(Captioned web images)
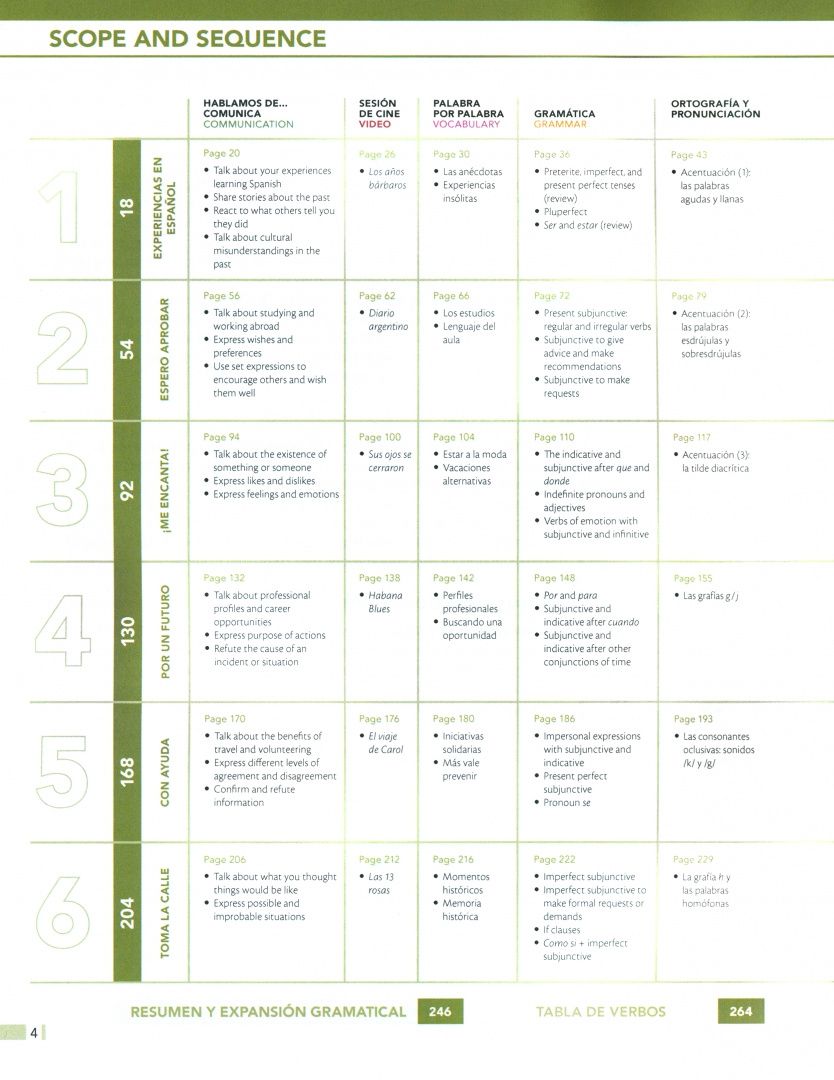 Linda Villadoniga: Mundo Real 4. 2nd Edition. Student print edition + Online access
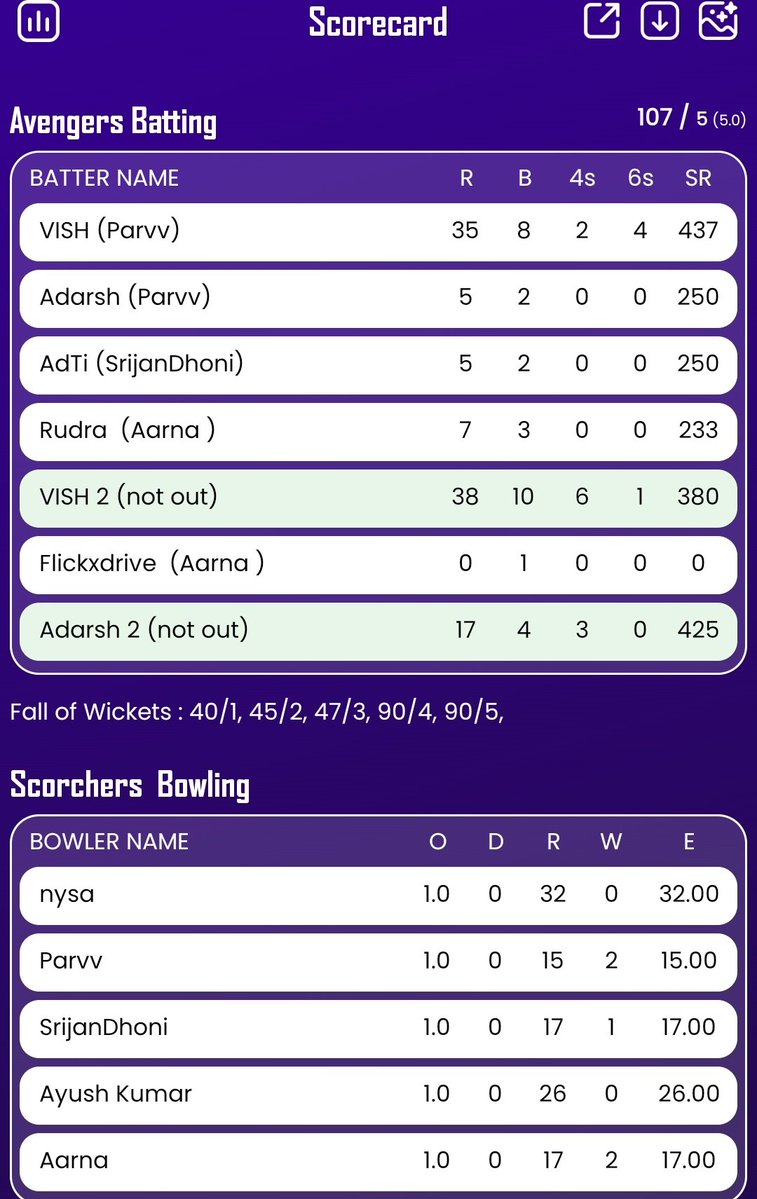 Hand Cricket Premier League tweet media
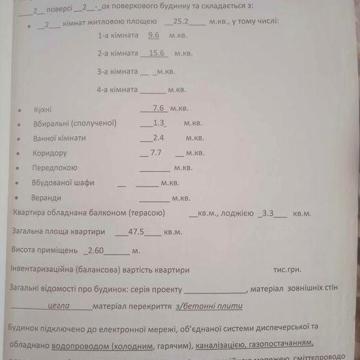 Квартира 2-кімнатна Ціна договірна продаж терміновий! Жк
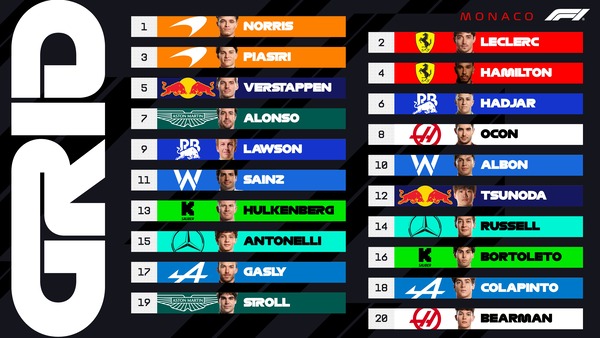 2025年F1モナコGP スターティンググリッド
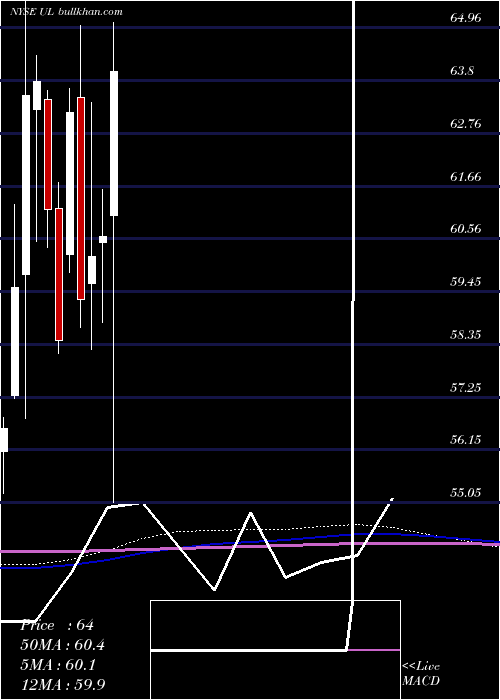  monthly chart UnileverPlc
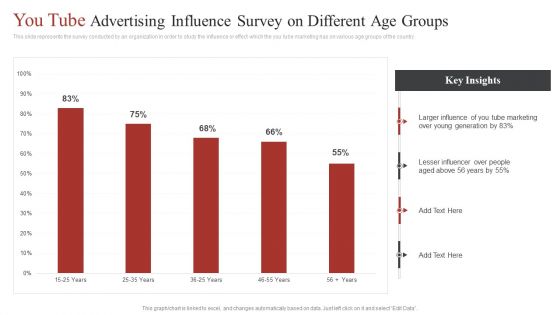 You Tube Advertising Influence Survey On Different Age Groups Ppt Diagram Ppt PDF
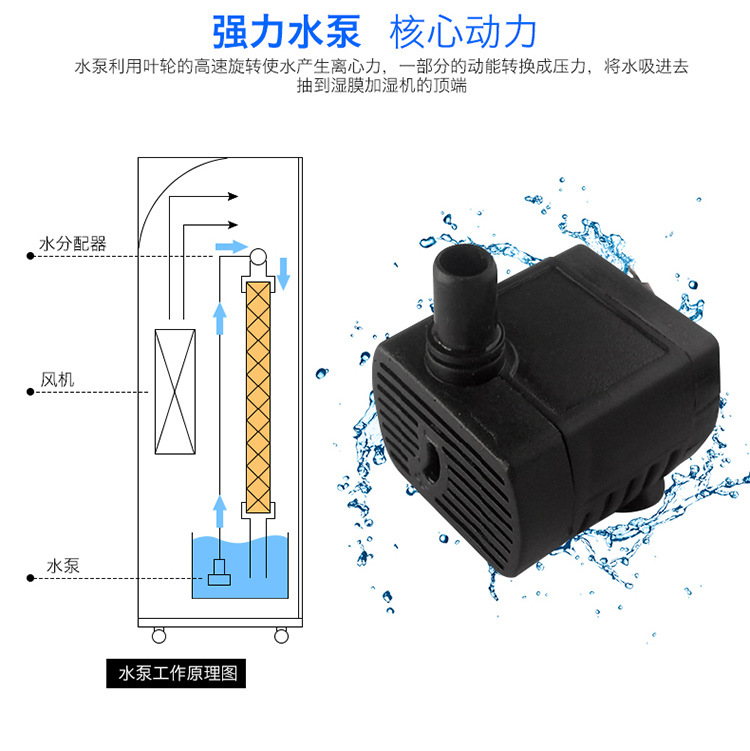 川泰CJ-6S湿膜加湿机、工业加湿器示例图15
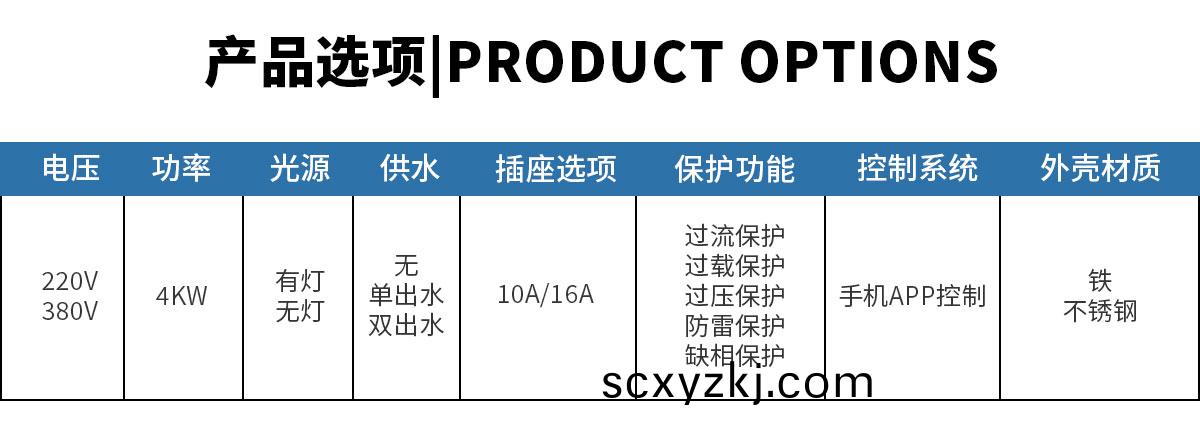 庭院(yuan)充(chong)電用(yong)水(shui)方(fang)案(an)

▸ **What the exercise asks**
Print the data again, word for word, without any pictures.

▸ **Task answer**
 Linda Villadoniga: Mundo Real 4. 2nd Edition. Student print edition + Online access
 Hand Cricket Premier League tweet media
 Квартира 2-кімнатна Ціна договірна продаж терміновий! Жк
 2025年F1モナコGP スターティンググリッド
  monthly chart UnileverPlc
 You Tube Advertising Influence Survey On Different Age Groups Ppt Diagram Ppt PDF
 川泰CJ-6S湿膜加湿机、工业加湿器示例图15
 庭院(yuan)充(chong)電用(yong)水(shui)方(fang)案(an)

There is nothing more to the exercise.